I turn the key in the door. I open it, and reach into the darkness and turn on the light.

"Alright, dammit, this is getting OLD. I told you this was my room now. You need to leave. You, and you, and yes you up there in the bed. I have been polite, but you know I pay the rent here now."

It is quiet, and almost empty. Almost, but not quite.

I light some candles on my desk. As I do so, the temperature in the room quickly drops about 10 degrees.

That is curious. I go over to the radiator and turn it up a notch. I am careful not to push loose the strand of tinsel Christmas decorations that I left strung across the room. Kind of livens the place up.

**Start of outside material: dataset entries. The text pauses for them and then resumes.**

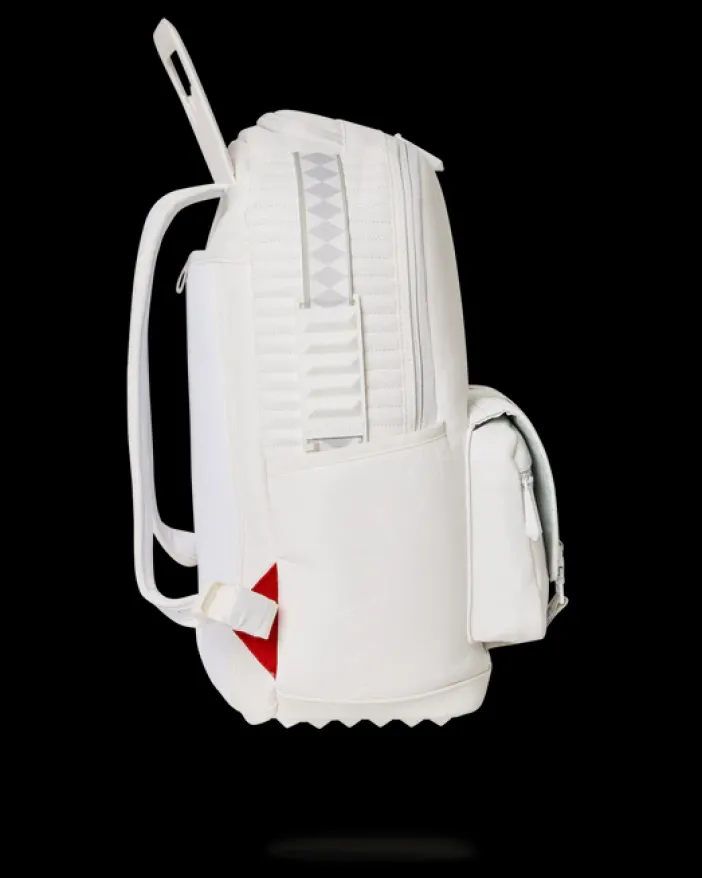 FUTURE TRAVELER CARGO BACKPACK>SPRAYGROUND New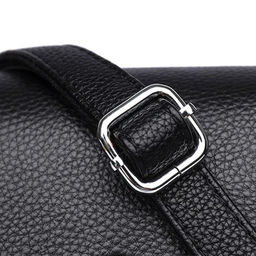 Bags Сумка женская / кожа / 011761  фото 21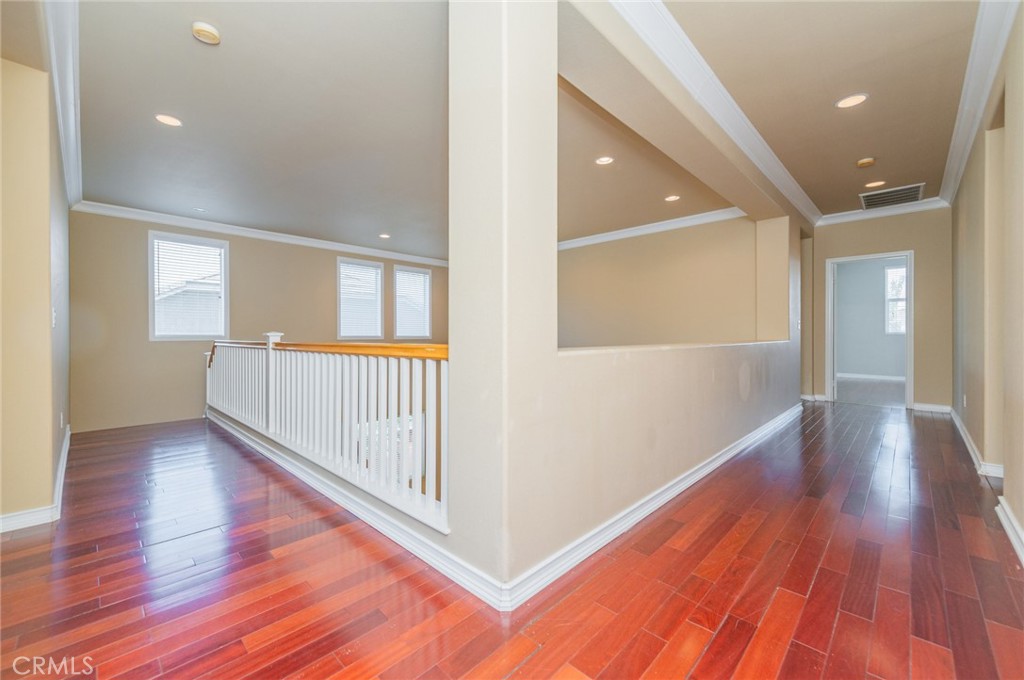 25111 Cliffrose Property Photo 16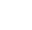 米兰milan官方网站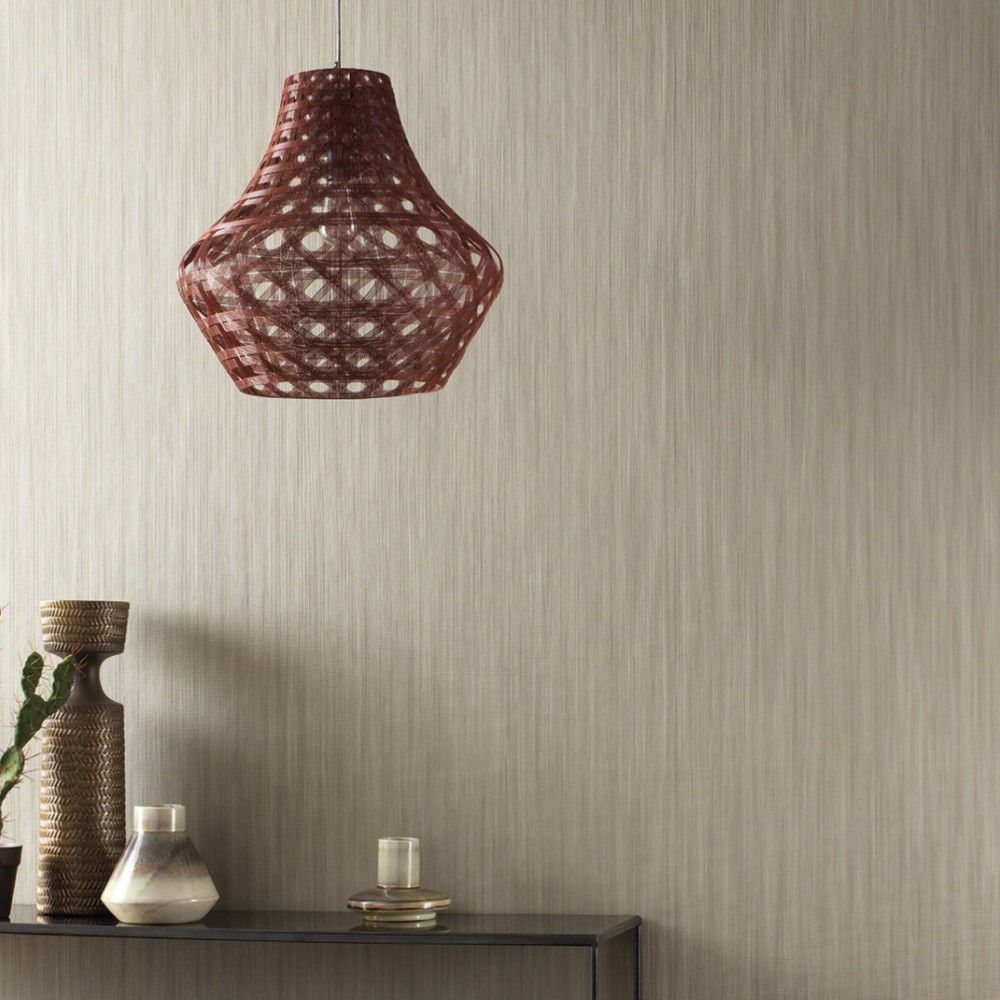 Acoustic Vinyl Wallcovering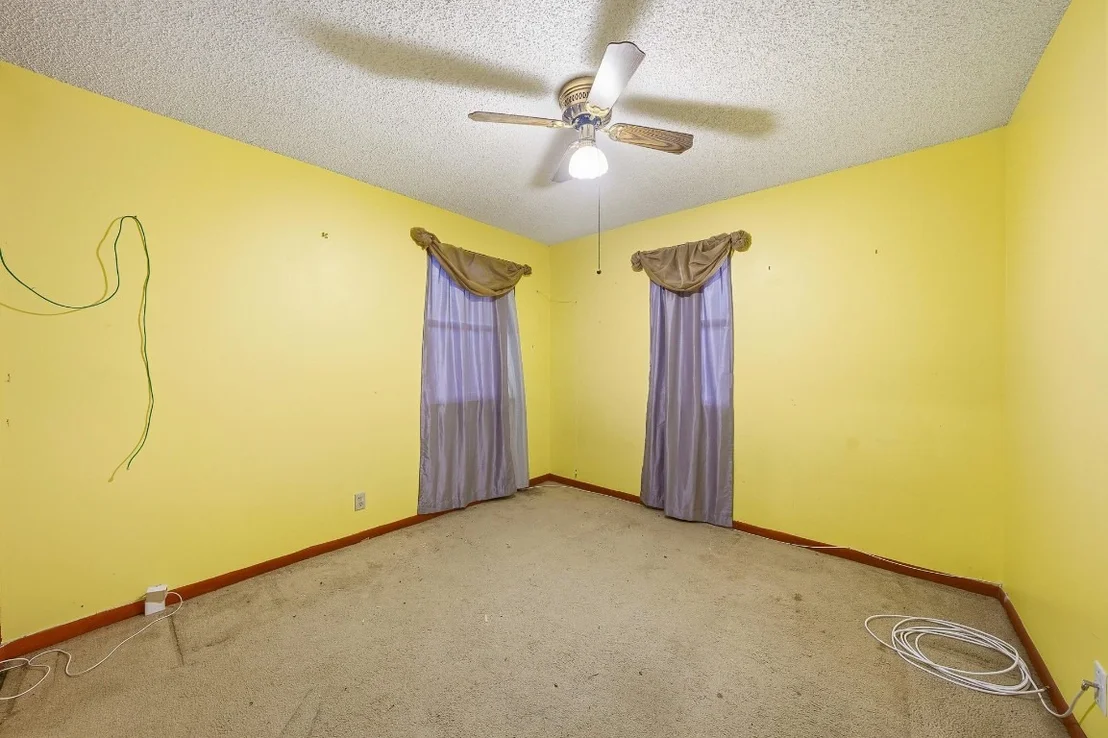 Photo of 3091 Venice Way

I go to the sink to brush my teeth. I look in the tiny mirror that I have propped up against the wall at eye level and think, "this is too predictable, this is when the creature looms up reflected over my shoulder."

There is no face. Instead, what I see reflected in the mirror is the strand of gold tinsel. It is dancing, bobbing up and down, up and down.

Now I really do turn around very, very slowly. It is still bobbing, and not less. This isn't because I bumped it. I walk towards it, and figure it out: hot air rising off the radiator, the radiator that I turned up because it got so cold all of a sudden...

Cold.

"I said GET OUT."

What do they think, that I'm just gonna run? Not likely. We clear the last of them out, the McKenzies and Howells and whoever's on guard duty this night spread outside the room to stand watch, and I lie down in my empty bed to get a little sleep.